Матильда на него не обратила внимания. Она умышленно избегала смотреть на стариков и слушать тех, кто заводил речь о печальных вещах.
Она танцевала, чтобы избежать разговоров об ударе, которого в действительности и не было, так как через день барон уже выходил.
«Но господин Сорель так и не показывается», — сказала она себе после нескольких танцев; поискав глазами, она нашла его в другом зале. К удивлению, он, казалось, потерял свой невозмутимо холодный вид, который выходил у него так естественно, и не был похож на англичанина.
«Он беседует с графом Альтамирой, моим приговоренным к смерти, — сказала себе Матильда. — Его глаза источают мрачное пламя, он похож на переодетого принца, а взгляд его более горделив».
Жюльен приближался в ее направлении, продолжая беседовать с Альтамирой; она пристально смотрела на него, изучая его лицо и отыскивая те высокие качества, которые бы могли доставить человеку честь быть приговоренным к смерти.
Проходя мимо нее, Жюльен говорил графу Альтамире:
— Да, Дантон был великий человек!
«О боже, не Дантон ли он?! — подумала Матильда. — Но у него такая благородная наружность, а этот Дантон был ужасно безобразен, настоящий мясник, как говорят». Жюльен был еще близко от нее, и она, не колеблясь, подозвала его. Сознательно и не без гордости она задала ему необычный для молодой девушки вопрос.
— Разве Дантон не был настоящим мясником? — спросила она.
— Да, пожалуй, в глазах некоторых особ, — ответил ей Жюльен с выражением плохо скрытого презрения и со взглядом, горящим от разговора с Альтамирой, — но, к несчастью для людей знатных, он был адвокатом из Мери-на-Сене. Иначе говоря, сударыня, — прибавил он злобно, — Дантон начал так же, как и большинство пэров, которых я здесь вижу. Правда, он имел громадный изъян с точки зрения красоты — он был очень безобразен.
Эти последние слова были сказаны быстро, каким-то необычным и далеко не вежливым тоном.
Жюльен подождал минуту, слегка наклонив верхнюю часть тела и с видом горделиво смиренным. Казалось, он говорил: мне платят, чтобы я вам отвечал, и я живу этой платой. Он не соизволил взглянуть на Матильду, она же, со своими прекрасными глазами, широко открытыми и прикованными к нему, имела вид его рабыни. Так как молчание продолжалось, он наконец взглянул на нее, как слуга смотрит на господина в ожидании приказаний. Встретившись с глазами Матильды, все еще устремленными на него со странным выражением, он отошел с заметной поспешностью.

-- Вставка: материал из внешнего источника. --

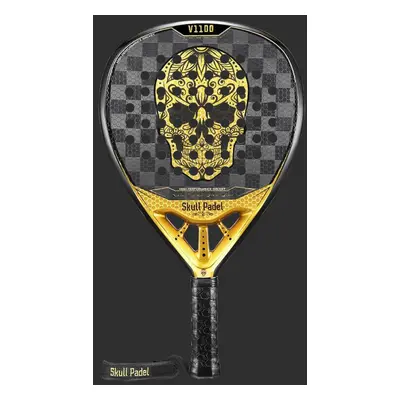 Padelová raketa Skull Padel V1100 GOLD BLACK 24K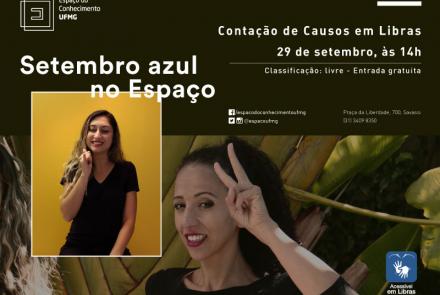 Programação Setembro Azul - Oficina Contação de Causos em Libras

«Сам он поистине красив, — сказала себе Матильда, выходя наконец из задумчивости, — а восхваляет безобразие. Никогда не подумать о себе самом! Он не таков как Кейлюс или Круазнуа. Этот Сорель имеет кое-что схожее с моим отцом, когда тот так хорошо изображав Наполеона на балу». Она совсем забыла о Дантоне «Нет, положительно в этот вечер я скучаю». Она взяла под руку своего брата и, к его большому неудовольствию, заставила пройтись с собою по залам. Ей пришла мысль послушать беседу приговоренного к смерти с Жюльеном.
Народу столпилось очень много, но все же ей удалось нагнать их в тот момент, когда граф Альтамира в двух шагах от нее подходил к подносу, чтобы взять мороженое. Он говорил Жюльену, наполовину повернувшись к нему корпусом, и в это время увидел руку с расшитым манжетом, которая тянулась за мороженым с той же стороны. Вышивка, по-видимому, привлекла его внимание; он по вернулся совсем, чтобы видеть лицо, которому принадлежала эта рука. Его глаза, такие благородные и добродушные, мгновенно приняли легкое выражение презрения.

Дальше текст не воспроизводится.